SOURCE RECORDS Block Start

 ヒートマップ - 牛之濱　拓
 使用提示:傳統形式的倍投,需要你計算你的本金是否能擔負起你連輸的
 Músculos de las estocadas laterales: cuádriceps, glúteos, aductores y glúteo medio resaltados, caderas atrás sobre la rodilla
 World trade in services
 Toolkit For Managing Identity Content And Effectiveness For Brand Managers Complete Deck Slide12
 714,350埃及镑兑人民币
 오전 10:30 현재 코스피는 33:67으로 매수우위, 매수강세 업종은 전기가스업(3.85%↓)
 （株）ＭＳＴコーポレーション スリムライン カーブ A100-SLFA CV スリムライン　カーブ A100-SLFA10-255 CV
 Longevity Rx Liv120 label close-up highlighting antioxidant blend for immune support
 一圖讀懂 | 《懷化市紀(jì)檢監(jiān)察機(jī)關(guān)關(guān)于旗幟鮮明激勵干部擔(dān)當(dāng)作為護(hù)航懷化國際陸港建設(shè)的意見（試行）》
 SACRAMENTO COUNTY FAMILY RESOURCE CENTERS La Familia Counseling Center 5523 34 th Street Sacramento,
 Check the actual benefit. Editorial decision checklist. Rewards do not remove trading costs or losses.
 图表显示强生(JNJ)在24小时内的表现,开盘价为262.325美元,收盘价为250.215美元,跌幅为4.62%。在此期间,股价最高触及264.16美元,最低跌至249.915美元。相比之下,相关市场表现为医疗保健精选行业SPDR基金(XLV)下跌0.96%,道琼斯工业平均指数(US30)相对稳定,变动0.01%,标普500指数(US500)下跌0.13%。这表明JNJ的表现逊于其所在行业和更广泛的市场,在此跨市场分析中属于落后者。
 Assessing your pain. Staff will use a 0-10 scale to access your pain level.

SOURCE RECORDS Block End

* [ABOUT THIS EXERCISE]
Please give back, exactly as it stands above, the stretch from the line with "スリムライン　カーブ A100-SLFA10-255 CV" through the line with "图表显示强生(JNJ)在24", and no line outside it.

* [OUTPUT]
 （株）ＭＳＴコーポレーション スリムライン カーブ A100-SLFA CV スリムライン　カーブ A100-SLFA10-255 CV
 Longevity Rx Liv120 label close-up highlighting antioxidant blend for immune support
 一圖讀懂 | 《懷化市紀(jì)檢監(jiān)察機(jī)關(guān)關(guān)于旗幟鮮明激勵干部擔(dān)當(dāng)作為護(hù)航懷化國際陸港建設(shè)的意見（試行）》
 SACRAMENTO COUNTY FAMILY RESOURCE CENTERS La Familia Counseling Center 5523 34 th Street Sacramento,
 Check the actual benefit. Editorial decision checklist. Rewards do not remove trading costs or losses.
 图表显示强生(JNJ)在24小时内的表现,开盘价为262.325美元,收盘价为250.215美元,跌幅为4.62%。在此期间,股价最高触及264.16美元,最低跌至249.915美元。相比之下,相关市场表现为医疗保健精选行业SPDR基金(XLV)下跌0.96%,道琼斯工业平均指数(US30)相对稳定,变动0.01%,标普500指数(US500)下跌0.13%。这表明JNJ的表现逊于其所在行业和更广泛的市场,在此跨市场分析中属于落后者。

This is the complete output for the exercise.